Sin dall’età più antica l’uomo ha tentato di dare delle spiegazioni plausibili ai fenomeni che la natura presenta. Inizialmente si pensava che tutto ciò fosse una rappresentazione del potere divino e che, a seconda dell’entità dei fenomeni, gli dèi volessero inviare dei messaggi sulla terra. Una violenta tempesta poteva rappresentare l’ira delle divinità; per contro, un temporale dopo lunghi periodi di siccità veniva recepito come un messaggio di benevolenza da parte di entità superiori. Col tempo il rapporto tra uomo e natura è mutato, rimanendo tuttavia centrale e divenendo oggetto di studio e di analisi.

LEGGENDA. E come potevano lo stupore e la meraviglia suscitati da tali fenomeni rimanere esclusi da una cultura fortemente influenzata da credenze religiose e spirituali come quella sarda? Sole, vento, pioggia: tutto nella tradizione mitologica isolana diviene oggetto di racconti e fantasticherie. Non è raro allora - soprattutto quando a interloquire sono un soggetto adulto e uno giovane - che favole o leggende diventino un mezzo efficace per motivare tutto ciò che succede attorno a noi. Un esempio assai noto è rappresentato da quella de Su carr’e Nannai, che affonda le sue radici nella più antica tradizione popolare.

NANNAI IL DIO. Si narra che anticamente la Sardegna fosse proprietà di un dio di origini nuragiche, Signore degli elementi dedito alla padronanza delle tempeste e in particolare di tuoni e fulmini. Giungeva su un carro trainato da possenti destrieri che, oltre alla divinità, trasportavano anche un grosso carico di massi che sbattendo fra di loro provocavano scintille e roboanti rumori. A seconda dell’uso che ne voleva fare, questa figura poteva avere connotazioni negative o positive. Non di rado si utilizzava per convincere i bambini a non uscire durante i temporali, spaventandoli tramite la figura del dio dei venti. Secondo alcune fonti, il nome “Nannai” potrebbe derivare dal dio sumero “An”, che viveva nella sua dimora dei cieli chiamata “Eanna”. L’evoluzione del termine avrebbe poi portato a quella che è la versione attuale del nome.

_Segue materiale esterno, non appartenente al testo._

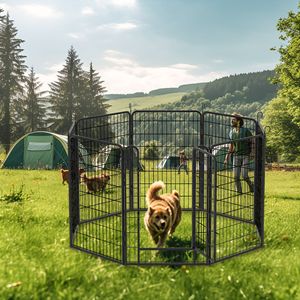 Recinto per Cani in Metallo a 8 Pannelli, 100 cm di Altezza, Impermeabile, in Acciaio, per Interni - Product Image 1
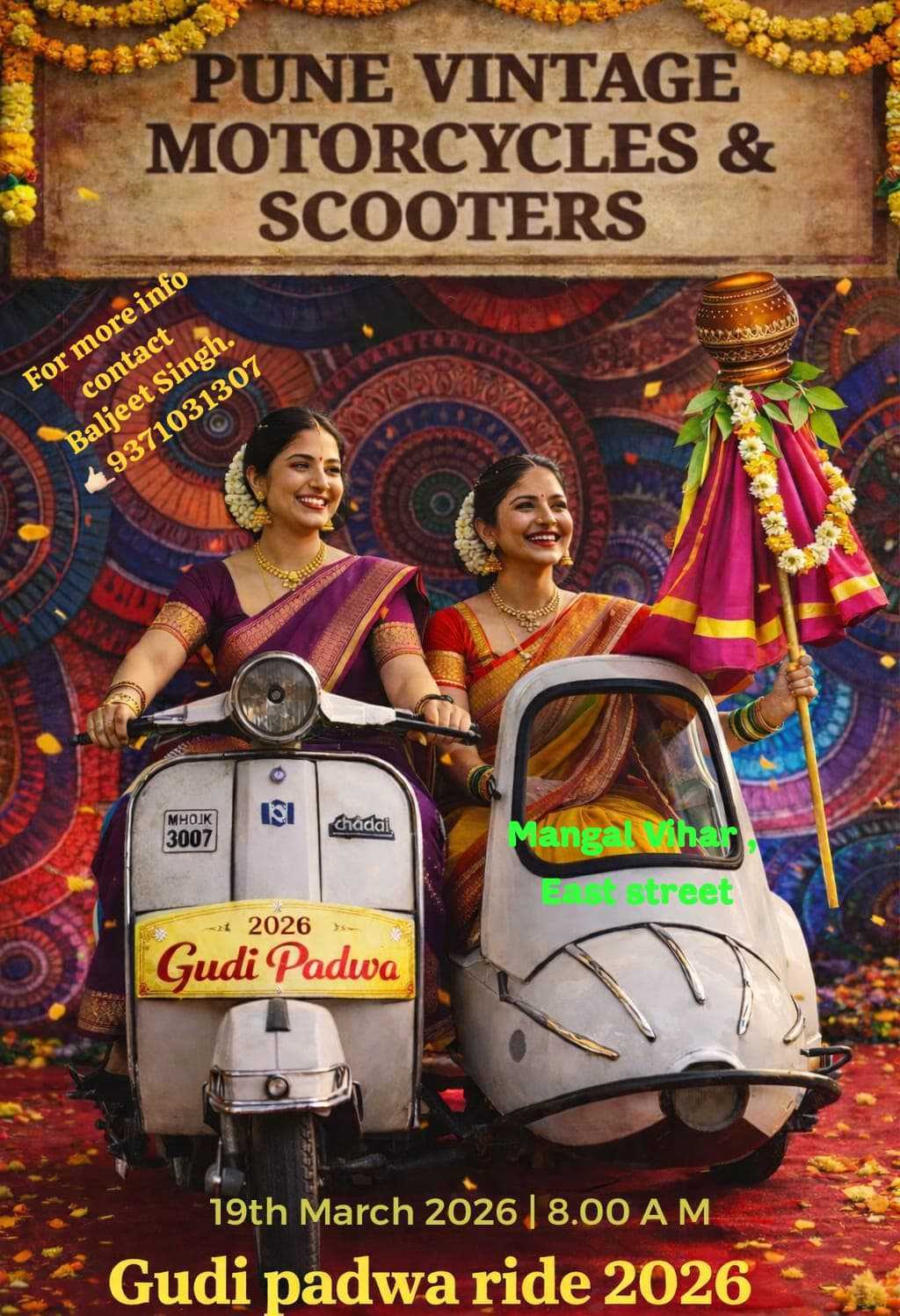 Vintage motorcycle & scooter Ride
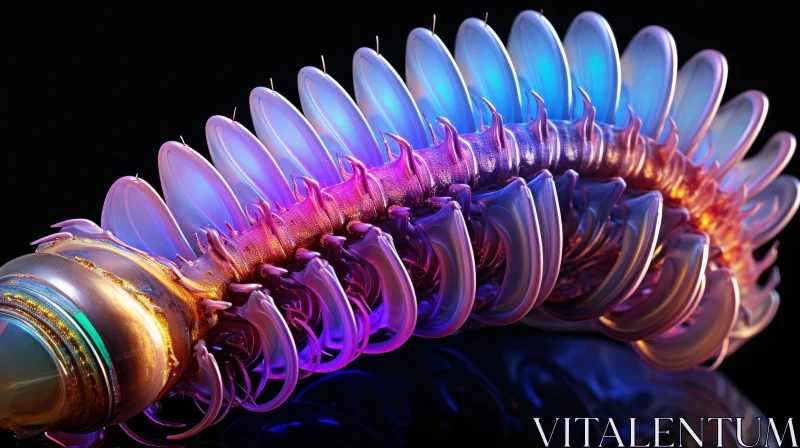 AI ART Iridescent Centipede Close-Up on Reflective Surface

NANNAI L'ANZIANO. Un’altra versione del mito vuole che Nannai non fosse un dio, ma bensì un anziano signore. Il mitico Nannai sarebbe dunque un vecchietto che, a bordo di un carro sgangherato, fa ritorno a casa. Anch’esso trasporta pietre e sassi il cui sbatacchiare all’interno del carro provoca un grande frastuono riconducibile a quello dei tuoni. Nel Campidano si riteneva che il nome fosse la semplice traduzione dal campidanese di “nonno” e, in antichità, per tranquillizzare i bimbi terrorizzati dal fragore dei grossi temporali gli si diceva che era soltanto il “carro del nonno” che arrivava a casa.

Una terza versione parla invece di Nannai come di un uomo terribile e spietato, che se avesse incontrato i bimbi per strada avrebbe potuto rapirli portandoli con sé sul carro. Tale figura poteva dunque essere utilizzata o come spauracchio per convincere i piccoli a non uscire di casa o, in alternativa, come rassicurazione dinnanzi al palesarsi dei fenomeni naturali.